Neupert et al.¹¹ reported that 4 mg of intravenous dexamethasone exhibited no statistical differences in swelling and trismus compared to the sterile water control. On the other hand, Majid and Mahmood⁶³ in 2011, concluded that 4 mg dexamethasone through the submucosal route effectively controlled pain, swelling, and trismus compared to the intramuscular route. Another interesting study by Arora et al.⁵³ in 2018 stated that no significant differences were observed when 4 mg or 8 mg was used after third molar surgeries, and that 4 mg was sufficient in reducing edema after third molar surgeries.

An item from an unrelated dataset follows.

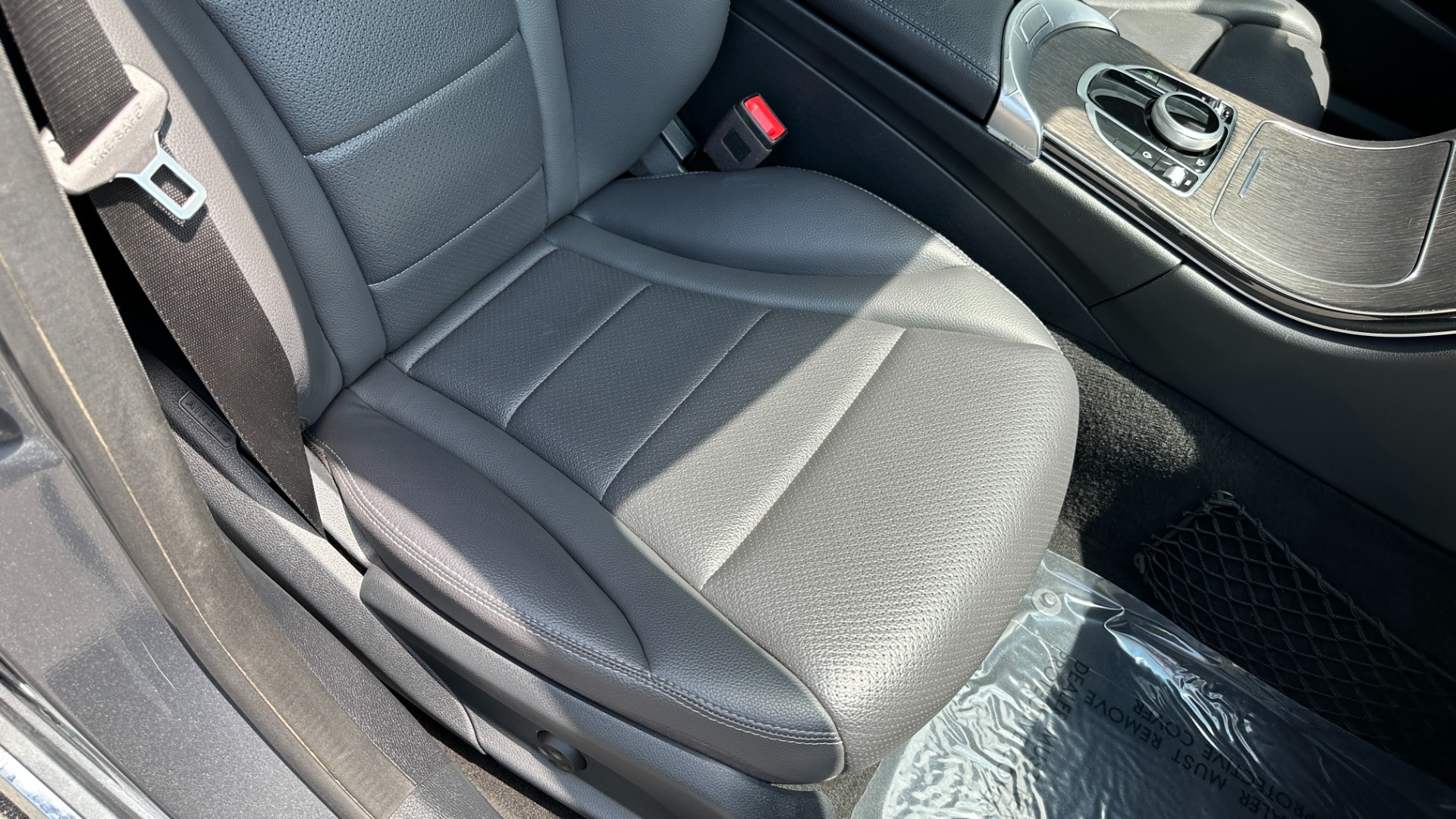 Used 2019 Mercedes-Benz C-Class C300 / PREMIUM / AMBIENT LIGHTS / BLIND SPOT / 10.25IN DISPLAY for sale $27,595 at Formula Imports in Charlotte NC 28227 27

A study by Laureano Filho et al.²² in 2008, comparing the effectiveness of dosages of dexamethasone, indicated that 8 mg dexamethasone is more efficient in minimizing trismus and swelling compared to the lower dose of 4 mg. Chaudhary et al.⁶⁴, however, assessed 8 mg oral dexamethasone and 4 mg intravenous dexamethasone. Their results demonstrated that the former was as valuable as the latter in combating postoperative issues after third molar surgeries even if the two routes differed⁶⁴. To date, there are no other studies to supplement the finding that 8 mg dexamethasone is more effective than the 4 mg option through a consistent route of administration. A supporting study of the two dosages was conducted by Grossi et al.⁴⁴ and suggested that 4 mg and 8 mg were effective equally in terms of eliminating edema.

Ngeow and Lim⁶⁵ also mentioned that corticosteroids were preferred before surgery before of commencement of inflammatory activity. Specifically, the rationale for preoperative use of dexamethasone includes preventing establishment of central sensitization caused by peripheral nociception activity secondary to surgical trauma. In the absence of local anesthesia, this process begins at the incision and continues during the intraoperative and postoperative periods⁷. Preoperative administration was favorable among studies comparing perioperative and postoperative administration^13,66,67.

A systemic review and meta-analysis by Markiewicz et al.⁶⁸ deduced that perioperative corticosteroids, in general, can lessen edema and trismus more than the control group in a mild to moderate manner, but with no conclusive evidence regarding pain outcomes. Graziani et al.³⁶ reinforced this claim using dexamethasone, mentioning that the ease of operation with timing can decrease morbidity after surgery. Similarly, Mehra et al.⁶⁹ stated that a perioperative dosage of dexamethasone had a tremendous impact by lessening postoperative side effects, but only for a short duration.

Studies regarding postoperative use of dexamethasone alone in preventing adverse effects on third molar surgeries are limited. Lima et al.⁷⁰ used 4 mg oral dexamethasone following third molar surgery in a clinical setting and found that all the postoperative sequelae had been addressed in contrast to the use of diclofenac sodium. Furthermore, concerning the timing, it is important to note that some studies found that dexamethasone injections before or after third molar surgeries to be equitably efficacious^24,71. The comparisons between the different timing of administration are shown in Table 2.